#### Data block ####
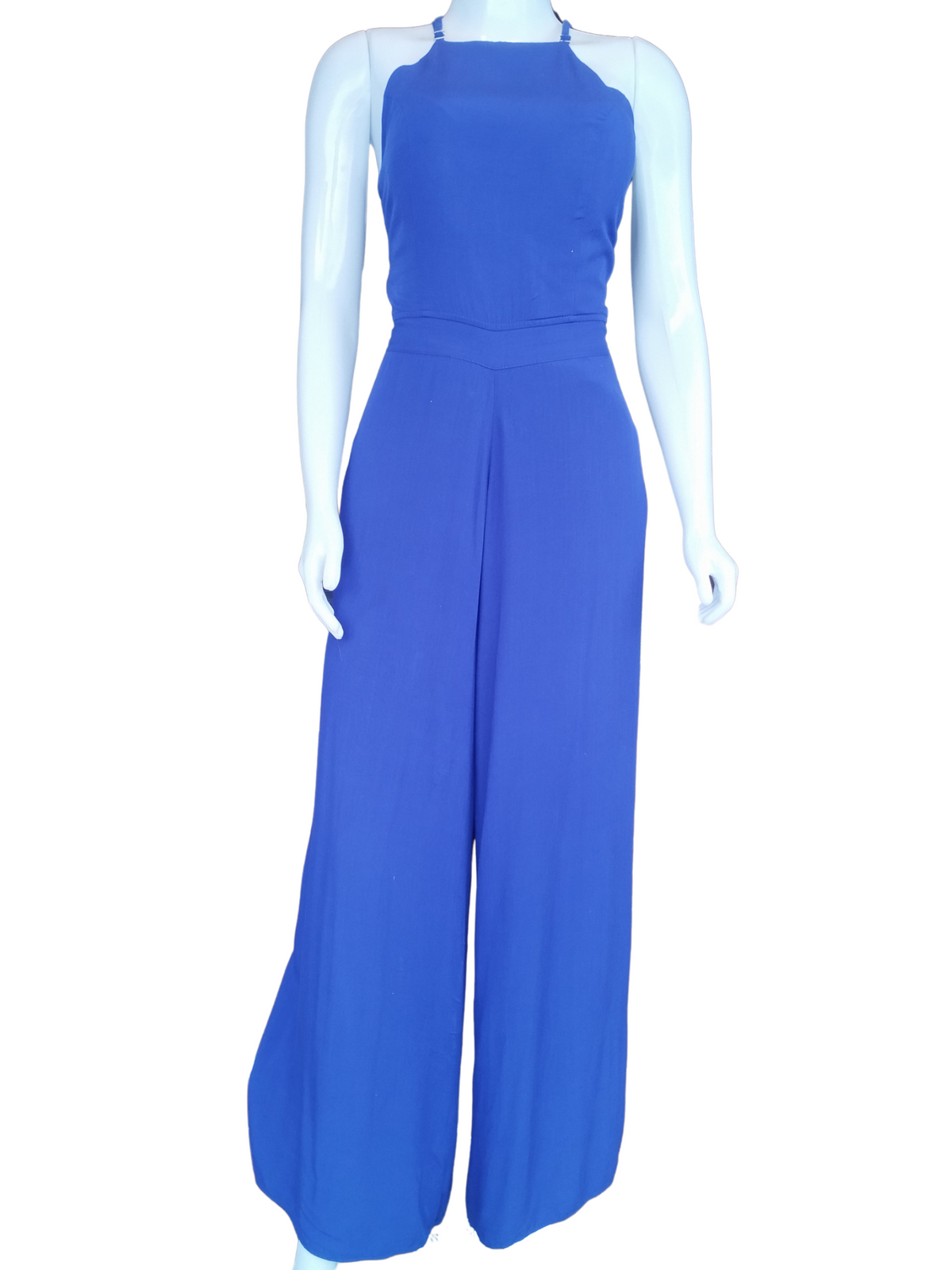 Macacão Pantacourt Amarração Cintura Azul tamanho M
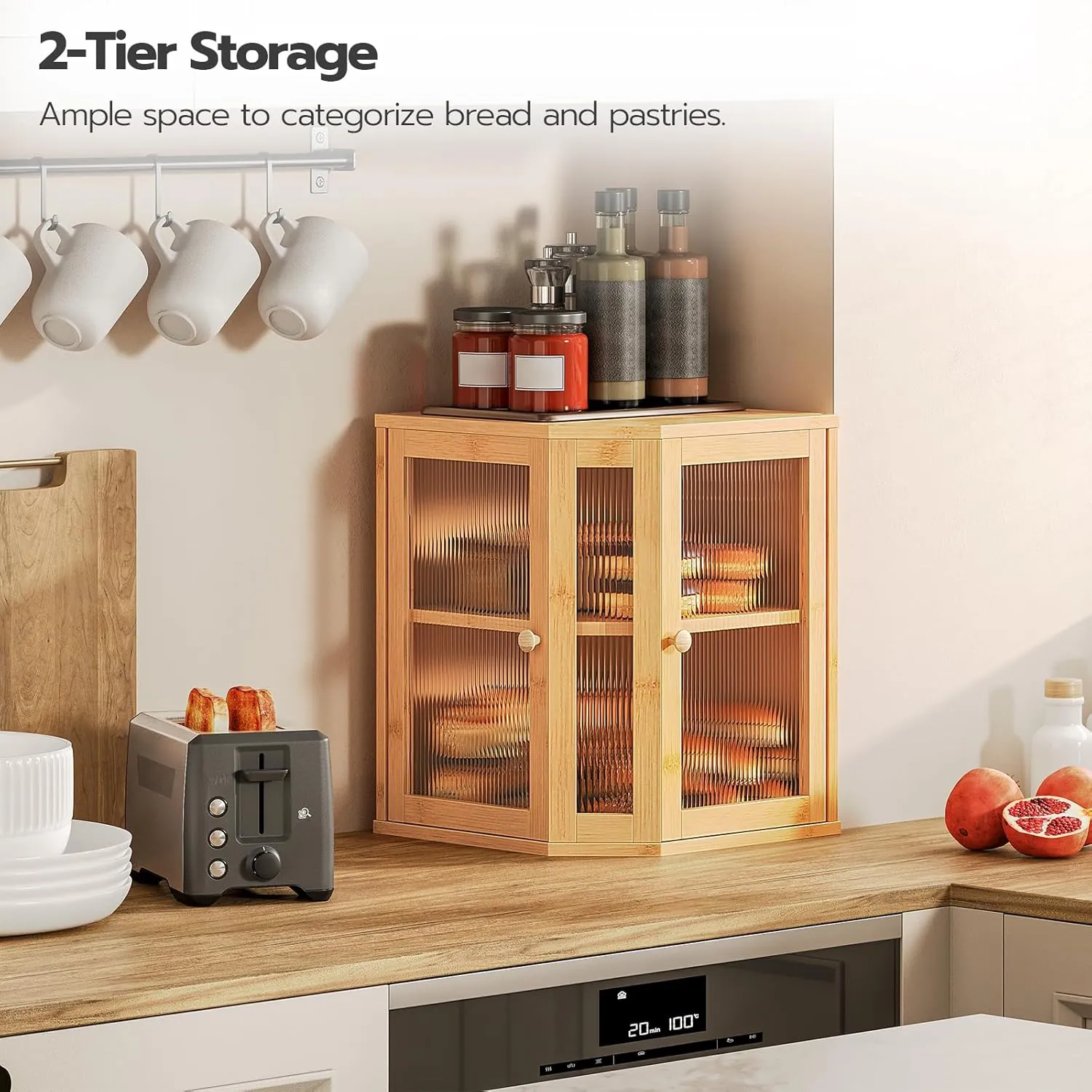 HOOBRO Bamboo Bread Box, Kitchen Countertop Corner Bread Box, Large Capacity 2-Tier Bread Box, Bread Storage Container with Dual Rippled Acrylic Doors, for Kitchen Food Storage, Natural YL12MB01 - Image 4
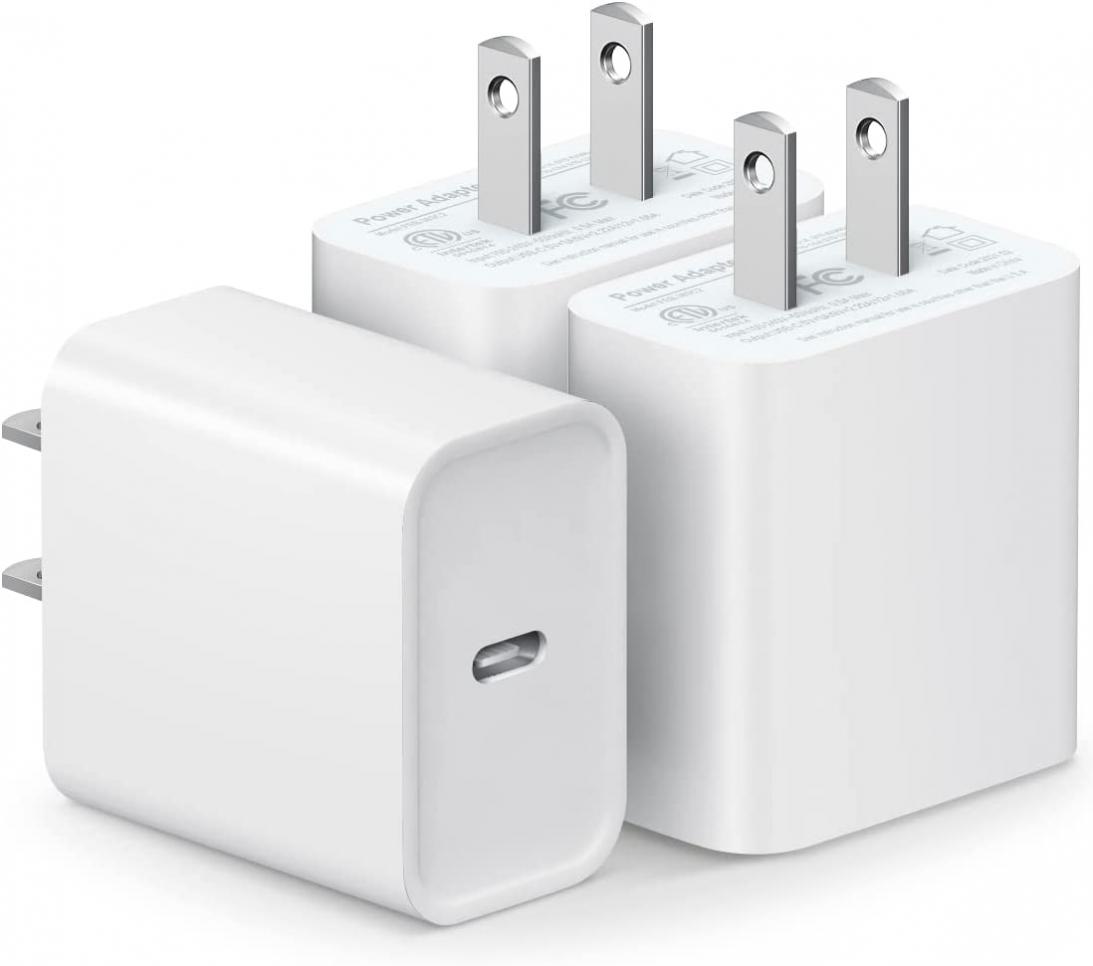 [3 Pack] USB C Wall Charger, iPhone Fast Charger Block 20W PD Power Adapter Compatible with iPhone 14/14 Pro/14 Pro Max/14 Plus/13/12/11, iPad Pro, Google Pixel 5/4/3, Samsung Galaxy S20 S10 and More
####
### Work required
Your task is to output the material word for word while leaving out every image.

### Response area
 Macacão Pantacourt Amarração Cintura Azul tamanho M
 HOOBRO Bamboo Bread Box, Kitchen Countertop Corner Bread Box, Large Capacity 2-Tier Bread Box, Bread Storage Container with Dual Rippled Acrylic Doors, for Kitchen Food Storage, Natural YL12MB01 - Image 4
 [3 Pack] USB C Wall Charger, iPhone Fast Charger Block 20W PD Power Adapter Compatible with iPhone 14/14 Pro/14 Pro Max/14 Plus/13/12/11, iPad Pro, Google Pixel 5/4/3, Samsung Galaxy S20 S10 and More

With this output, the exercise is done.